Collagen-Enriched Immunomodulatory Hydrogel for Tendon Regeneration

Rotator cuff tendon injury (RCTI) is aggravated by the pro-inflammatory milieu elicited by TLR4 and TREM1 signaling. Hence, tendon tissue engineering approaches require considerations that address these inflammatory episodes to benefit active regenerative responses. The objective of this study was to engineer and evaluate the immunocompatibility of a tendon-mimetic hydrogel composed of a chitosan–polyvinyl alcohol (PVA) blend incorporated with Collagen-I and to assess LR12 delivery for addressing TREM1-driven inflammation in RCTI management. A chitosan–PVA-HEMA-Acrylic acid (CPHA) hydrogel was synthesized by blending the linear natural polysaccharide chitosan and linear synthetic polymer PVA in an aqueous phase, followed by incorporation and redox chain growth with HEMA using acrylic acid (AA). Interpenetration of Collagen-I in CPHA yielded the CPHA-C hydrogel. CPHA and CPHA-C hydrogels displayed ample surface functional moieties provided by the co-polymers, exhibited excellent porosity as revealed by SEM imaging (28.65 ± 6.85 and 41.56 ± 18.00, respectively, for CPHA and CPHA-C), and were amphiphilic, as evident by contact angle analysis (~70 for CPHA and CPHA-C).

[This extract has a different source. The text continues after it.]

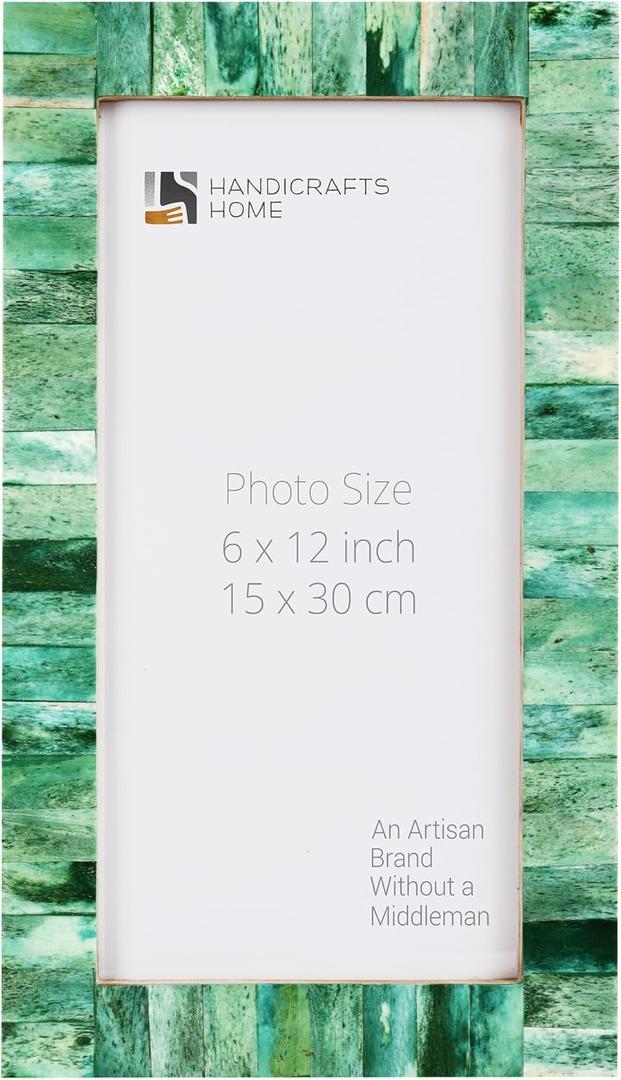 Handicrafts Home 6x12 Poster Frame - Green Bone Inlay Classic Collection Wall Mount Decorative Picture Frame for Posters, Photos, Diplomas, Certificates, Art Work - Handmade Vintage Home Decor Gift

Both hydrogels displayed a progressive release profile for the TREM1-inhibitory peptide LR12 for 7 days, whereas the LR12-loaded CPHA hydrogel exhibited increased TREM1 inhibition in LPS-challenged RAW264.7 macrophages. CPHA and CPHA-C hydrogels were immunocompatible and masked the oxidative damage in RAW264.7 macrophages, as evident by decreased levels of mitochondrial superoxide and ROS. Additionally, the CPHA hydrogel displayed an increased TGFβ/TLR4 ratio (0.24), whereas the CPHA-C (−0.52) system showed a decreased ratio upon exposure to tenocytes and macrophages. Overall, the findings highlight the potential of CPHA and CPHA-C hydrogels as candidates for tendon regenerative applications.